Some stats are influenced by system [Brees' certainly are to some extent, Painter's definitely were]. When you're talking about "best to play the position", a lot more than stats come into it. I.e. when we talked about JT Barrett vs Drew Brees, you pointed out stats. But perhaps that just means that in Urban Meyer's system, the QB racks up stats even more than in Tiller's system. Alex Smith had some pretty good stats too...
For me, Tebow just never really "wowed" me as a QB. He was an outstanding overall football player, and very versatile. But I just never really saw him as the game-changer that everyone else apparently did. I saw him more as a cog in the Urban Meyer machine.

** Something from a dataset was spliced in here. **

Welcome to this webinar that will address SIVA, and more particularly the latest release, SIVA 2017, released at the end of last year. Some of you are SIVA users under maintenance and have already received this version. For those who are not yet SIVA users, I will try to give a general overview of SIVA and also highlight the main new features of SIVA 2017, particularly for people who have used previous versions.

"Brees made his team better" - are you claiming to know what their record would've been with someone else taking snaps?
Brees vs ranked teams:
1998: 1-4
1999: 2-5
2000: 3-2..........6-11 vs ranked teams. But PU lost at least 4 games all three years he started. I think he gets a halo effect because he got them to a Rose Bowl (albeit with 3 losses going in).
Painter stunk - 0-10 vs ranked teams. Does that make 6-11 better? Does it up the win%?
I tell you what, Brees could've used some All-American linemen and some first-round running backs behind him - then he'd have gotten more votes than Frazier.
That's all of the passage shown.